**Task instructions**
Only the text belongs in the answer: every line of the records below, transcribed exactly.

**Captioned web images**
•••

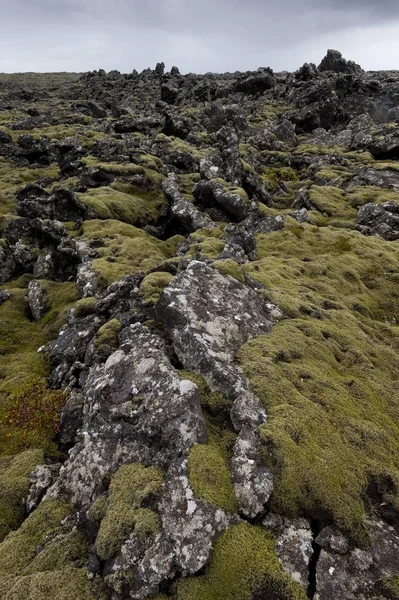 Moss Roca Alargada Niphotrichum Elongatum Creciendo Campo Lava Reykjanesskagi Península —  Fotos de Stock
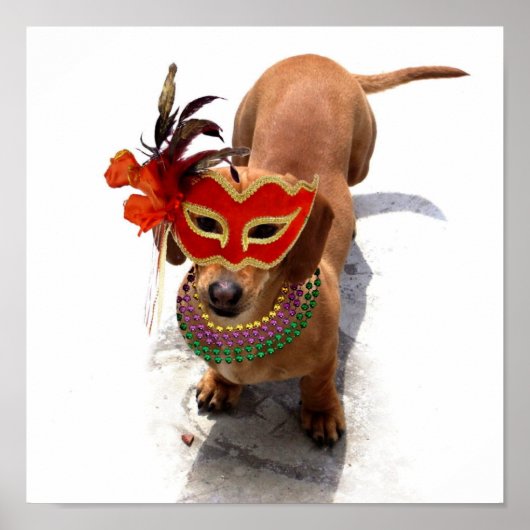 Mardi Gras Dachshund poster (Voorkant)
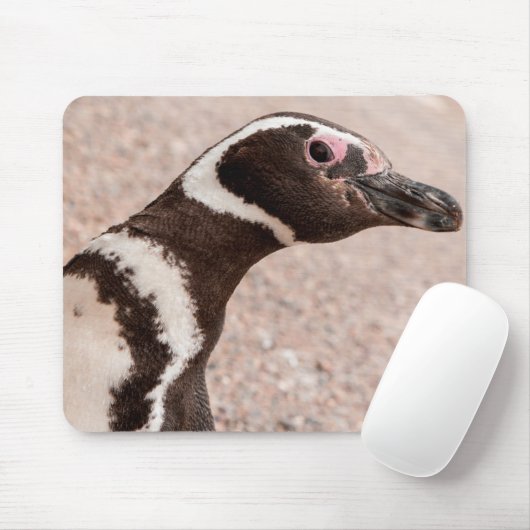 Magellanic Pinguin, Patagonia, Argentinien Mousepad (Mit Mouse)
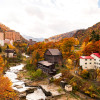 Image of 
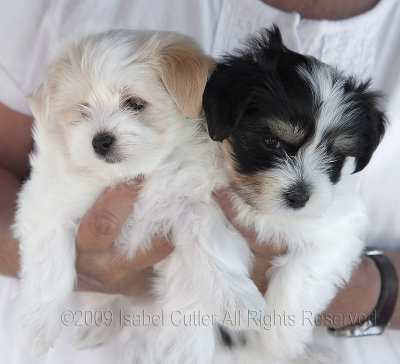 _MG_9280 Havanese Puppies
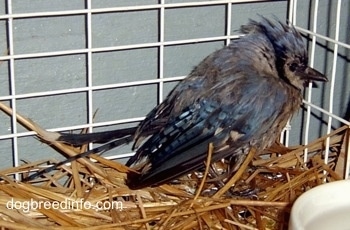 baby Blue Jay inside of a cage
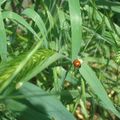 hier, c'était après-midi jardinage, voici ma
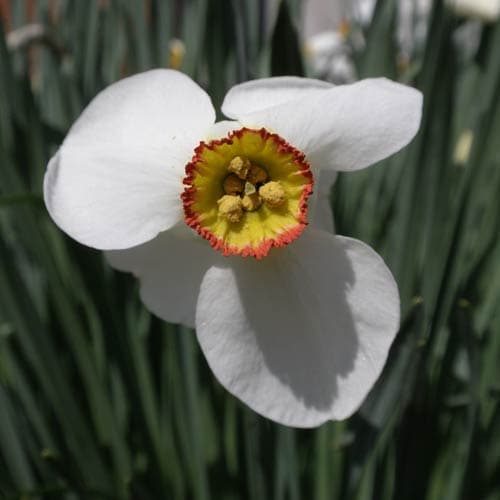 Narcissus ‘Pheasant Eye’ - Future Forests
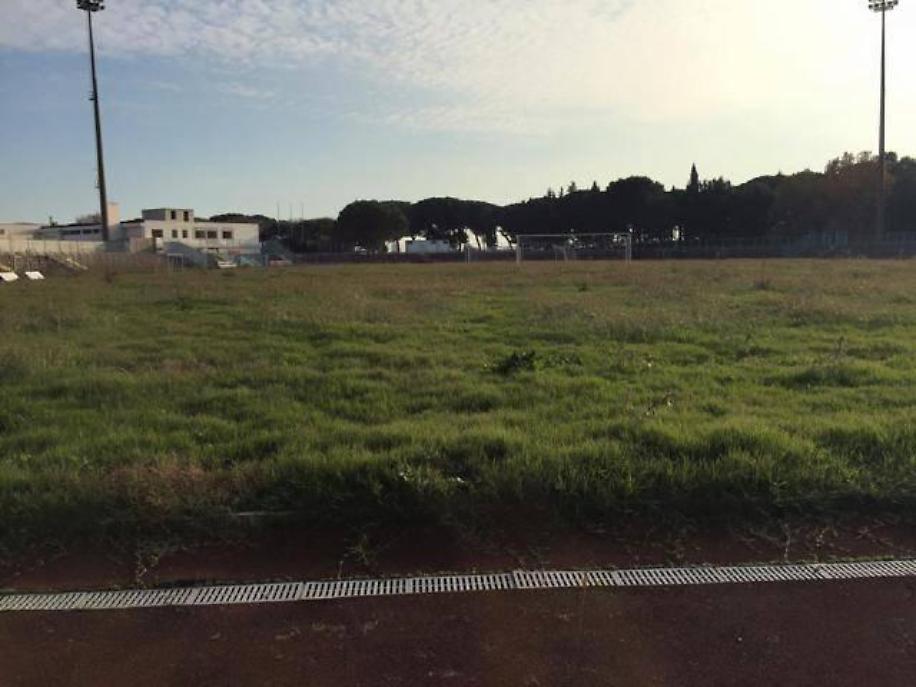 Foto tratte dalla pagina facebook "Terracina segnalazioni e denunce"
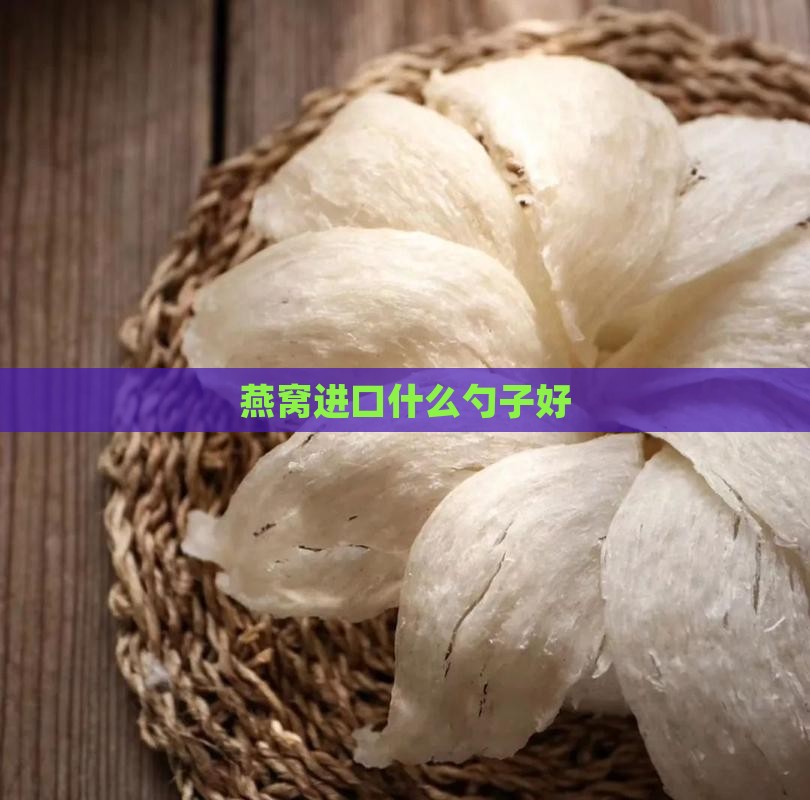 燕窝碗和勺子进口哪个好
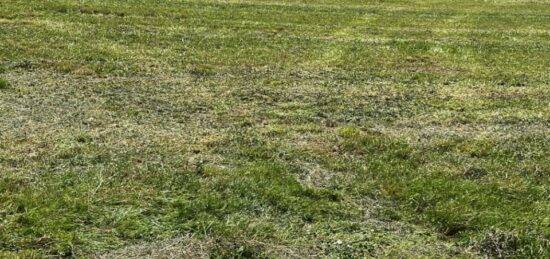 Terrain à bâtir à Chaniers, Nouvelle-Aquitaine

•••

**Your solution**
 Moss Roca Alargada Niphotrichum Elongatum Creciendo Campo Lava Reykjanesskagi Península —  Fotos de Stock
 Mardi Gras Dachshund poster (Voorkant)
 Magellanic Pinguin, Patagonia, Argentinien Mousepad (Mit Mouse)
 Image of 
 _MG_9280 Havanese Puppies
 baby Blue Jay inside of a cage
 hier, c'était après-midi jardinage, voici ma
 Narcissus ‘Pheasant Eye’ - Future Forests
 Foto tratte dalla pagina facebook "Terracina segnalazioni e denunce"
 燕窝碗和勺子进口哪个好
 Terrain à bâtir à Chaniers, Nouvelle-Aquitaine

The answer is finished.